We would certainly feed CDX info from all bulk journal crawling into HBase
before any additional large crawling, to get that level of de-dupe.

As to whether all GWB PDFs should be de-dupe against is a policy question: is
there something special about the journal-specific crawls that makes it worth
having second copies? Eg, if we had previously domain crawled and access is
restricted, we then wouldn't be allowed to provide researcher access to those
files... on the other hand, we could extract for researchers given that we
"refound" the content at a new URL?

Only fulltext files (PDFs) would be de-duped against (by content), so we'd be
recrawling lots of HTML. Presumably this is a fraction of crawl data size; what
fraction?

Watermarked files would be refreshed repeatedly from the same PDF, and even
extracted/processed repeatedly (because the hash would be different). This is
hard to de-dupe/skip, because we would want to catch "content drift" (changes
in files).

## Extractors

Off-the-shelf PDF extraction software runs on high-CPU VM nodes (probably
GROBID running on 1-2 data nodes, which have 30+ CPU cores and plenty of RAM
and network throughput).

A hadoop streaming job (written in python) takes a CDX file as task input. It
filters for only PDFs, and then checks each line against HBase to see if it has
already been extracted. If it hasn't, the script downloads directly from
petabox using the full CDX info (bypassing wayback, which would be a
bottleneck). It optionally runs any "quick check" scripts to see if the PDF
should be skipped ("definitely not a scholarly work"), then if it looks Ok
submits the file over HTTP to the GROBID worker pool for extraction. The
results are pushed to HBase, and a short status line written to Hadoop. The
overall Hadoop job has a reduce phase that generates a human-meaningful report
of job status (eg, number of corrupt files) for monitoring.

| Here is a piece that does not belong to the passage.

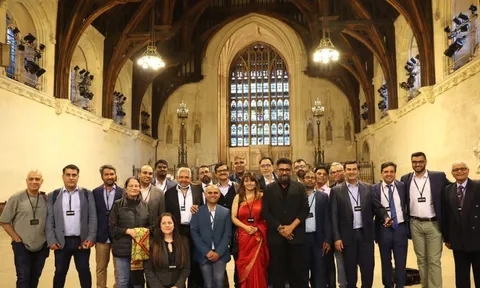 Vivek Ranjan Agnihotri & Pallavi Joshi are the first filmmakers invited to address UK Parliament on India, World Peace & Humanism.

A side job as part of extracting can "score" the extracted metadata to flag
problems with GROBID, to be used as potential training data for improvement.

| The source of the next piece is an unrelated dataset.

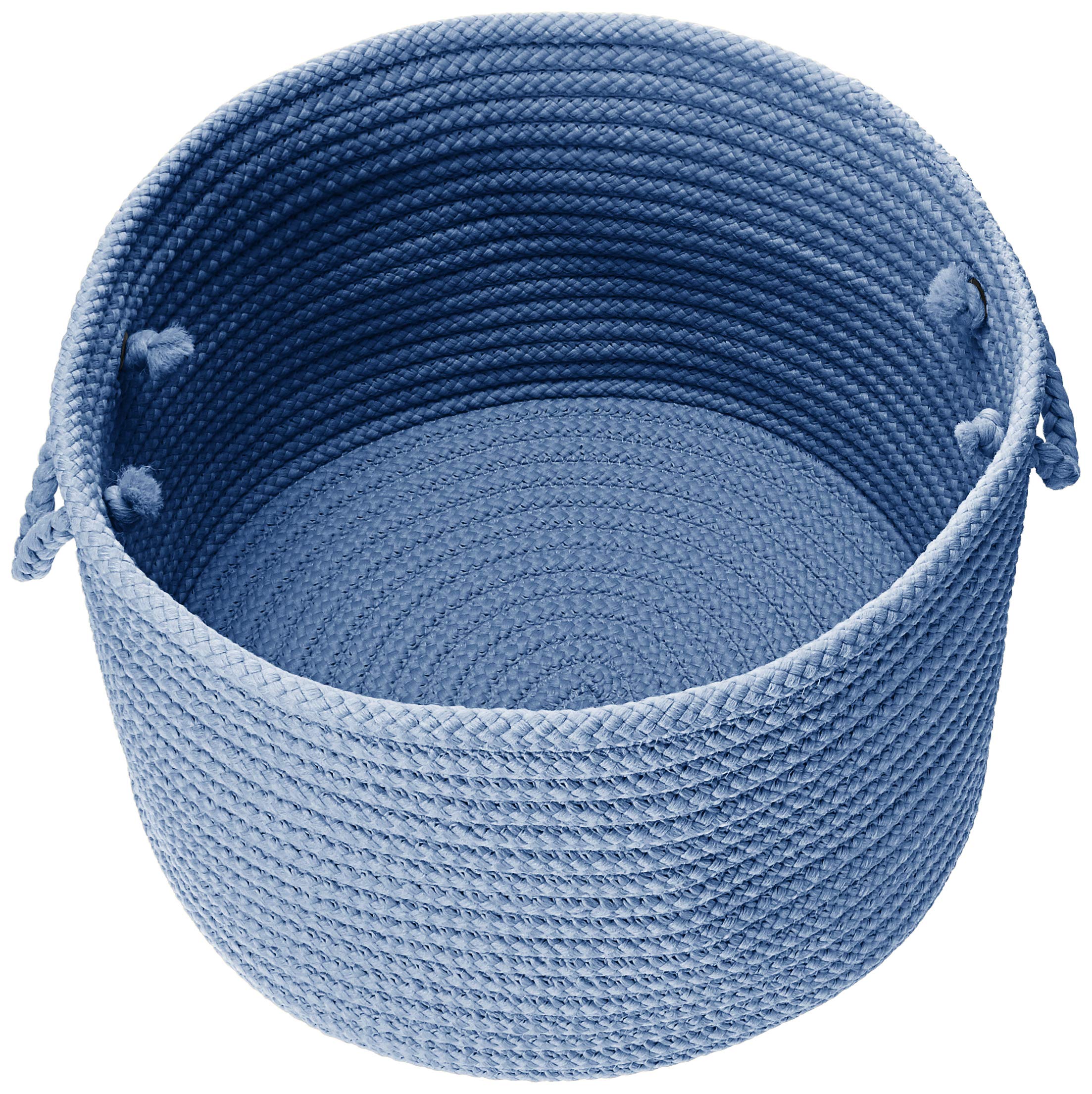 Colonial Mills Simply Home Solid Braided Basket, 18&quot;X18&quot;X12&quot;, Blue Ice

**Resources:** 1-2 datanode VMs; hadoop cluster time. Needed up-front for
backlog processing; less CPU needed over time.

## Matchers

The matcher runs as a "scan" HBase map/reduce job over new (unprocessed) HBasej
rows. It pulls just the basic metadata (title, author, identifiers, abstract)
and calls the catalog API to identify potential match candidates. If no match
is found, and the metadata "look good" based on some filters (to remove, eg,
spam), works are inserted into the catalog (eg, for those works that don't have
globally available identifiers or other metadata; "long tail" and legacy
content).

**Resources:** Hadoop cluster time

## Catalog

The catalog is a versioned relational database. All scripts interact with an
API server (instead of connecting directly to the database). It should be
reliable and low-latency for simple reads, so it can be relied on to provide a
public-facing API and have public web interfaces built on top. This is in
contrast to Hadoop, which for the most part could go down with no public-facing
impact (other than fulltext API queries). The catalog does not contain
copywritable material, but it does contain strong (verified) links to fulltext
content. Policy gets implemented here if necessary.

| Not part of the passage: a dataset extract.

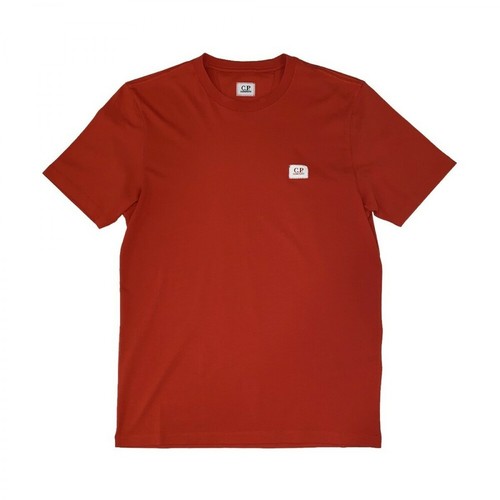 C.p. Company, t-shirt à patch logo Czerwony, male, 365.00PLN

A global "changelog" (append-only log) is used in the catalog to record every
change, allowing for easier replication (internal or external, to partners). As
little as possible is implemented in the catalog itself; instead helper and
cleanup bots use the API to propose and verify edits, similar to the wikidata
and git data models.

Public APIs and any front-end services are built on the catalog. Elasticsearch
(for metadata or fulltext search) could build on top of the catalog.

**Resources:** Unknown, but estimate 1+ TB of SSD storage each on 2 or more
database machines

## Machine Learning and "Bottom Up"

TBD.

## Logistics

Ansible is used to deploy all components. Luigi is used as a task scheduler for
batch jobs, with cron to initiate periodic tasks. Errors and actionable
problems are aggregated in Sentry.

Logging, metrics, and other debugging and monitoring are TBD.